In this article, Nicholson describes issues surrounding trust, such as generalization of trust activities and how cultural values can impact trust. She addresses various theories and theorists around trust, as well as discussing the limits of trust and implementation of trust theory into practice. She addresses the fact that trust is often not based in firm, theoretical basis and is too often practised in general terms, without understanding the key elements of creating trusting relationships. Her thesis is: “in drama education, a critical understanding of scope and limits of trust relies not on sentiment alone, but on the visible enactment of trust as a performative act.” (84).

Rafe Esquith’s “Teach Like Your Hair’s On Fire” reminds us of everything we learned as a student. As a student, when I felt safe and respected by the adults in charge, I was able to blossom as a student. It's not an activity itself that establishes trust, but rather the manner and authenticity in which it is done, that creates that environment. In his article “Build Trust, Banish Fear,” the author highlights for us what happens when we replace fear with trust in the classroom. Many teachers have tried to establish an element of fear so that students don’t “step out of line.” Like Esquith, many begin to realize that those quiet classrooms where students aim to please are not the most productive and innovative classrooms that we educators strive for. That environment created through drama activities pays off in all facets of the classroom. Broken trust is irreversible according to Esquith. Using the trust activity of catching your falling partner who is falling backwards, he asks us to imagine how we’d feel if we were not caught. However, many times it was done successfully, would not matter if on the following occasion, the person was not caught. The trust is gone.

This article looks at how the character of a teacher plays a central role in trying to establish trust with students. We may have all of the games and strategies at our finger tips, but if we don't "walk the talk", then all of that work is useless. The author goes on to explain the four elements of trust: honesty, fairness, consistency and humour. These elements need to be present to create strong relationships and community.

The importance of setting up an inclusive and safe community in your classroom that focuses on trust is integral. The focus in this article is social studies, however, the points raised and shared are transferable to any context. The author shares 19 strategies to think about and include with our students. Without a safe, caring and trusting environment, our lessons and curriculum cannot thrive. When we build trust, we are building community. When a strong sense of community is felt, by all members, than students (and teachers) feel they can take risks and positively grow.
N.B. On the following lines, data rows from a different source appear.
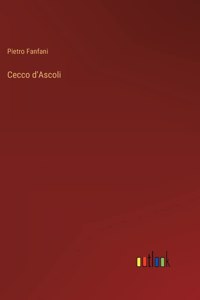 Cecco d'Ascoli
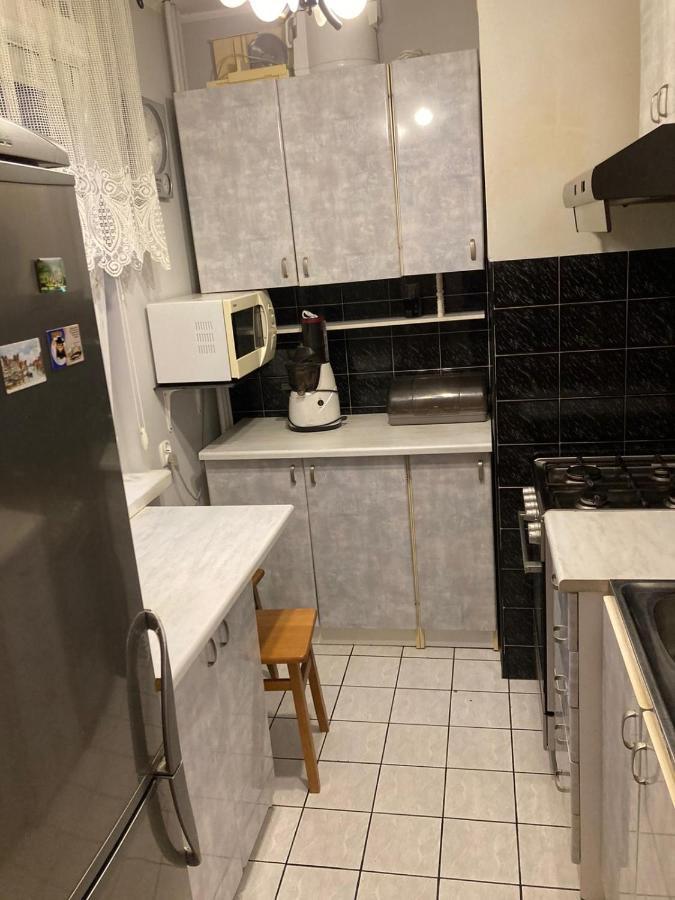 Apartament Roma Gdansk Exterior photo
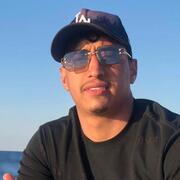 Ayoub 26 Alger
Sanchez describes how we, as teachers, need to share and be vulnerable as well. We need to look at developing "authentic, engaging and pertinent lessons" and relating topics to communities outside of the classroom, locally and globally. It also connects well to Growing Success and the work around formative assessment. A trusting community provides feedback and sharing student work on the walls. It represents those within and connects to those on the outside.